The concept and general arrangement of the craft, described as an improved successor to the Chrysalis, was first detailed in the Spring 1981 issue of the AIAA Student Journal.

Development of the design was prompted in May 1983 by the announcement of the Kremer World Speed Competition. According to the rules, the first HPA to traverse a 1,500 m (4,920 ft) triangular closed course in less than 180 seconds would be awarded a £20,000 prize. Competition rules allowed for stored energy, generated by the pilot during a ten-minute period immediately preceding a flight, to be used as an additional power source. Design of the Monarch commenced in late May, with an emphasis on it winning the prize, as well as it being economical and achievable to design and build. Much of the technology used with the Chrysalis transferred over to the new craft.
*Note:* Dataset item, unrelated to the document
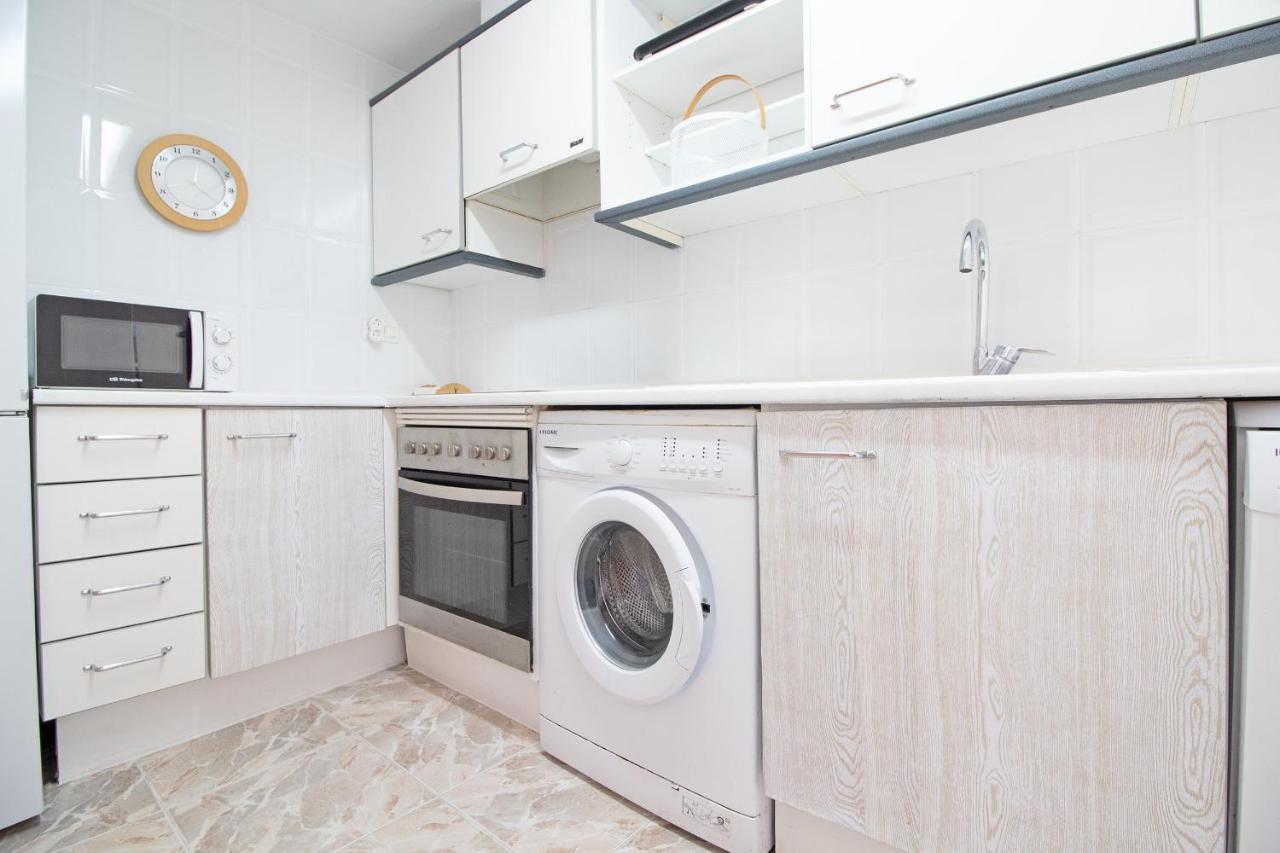 Global Properties, Increible Apartamento En La Playa, Канет-де-Беренгер Экстерьер фото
The Monarch was a wire-braced high-wing monoplane of conventional configuration, and fitted with a tractor propeller. The fuselage was of the pod-and-boom type. The wing planform had a constant chord with a tapered outer section. The wing featured slight dihedral, with the outer section being set at a greater angle. The empennage featured all-flying tail surfaces, with both the fin and tailplane having an elliptical planform. The aircraft's primary structure consisted of 6061-T6 aluminum tubing, chemically milled down. The secondary structure was made using styrofoam, plywood, carbon fibre, and graphite expoxy. The entire aircraft was covered in transparent Mylar film. The undercarriage consisted of three wheels arranged in series, with the middle wheel being sprung and castering. Additionally, the middle wheel was powered during the initial part of the take-off run. Lateral control was achieved by wing warping, with directional and pitch control being achieved by the all-flying tailfin and tailplane.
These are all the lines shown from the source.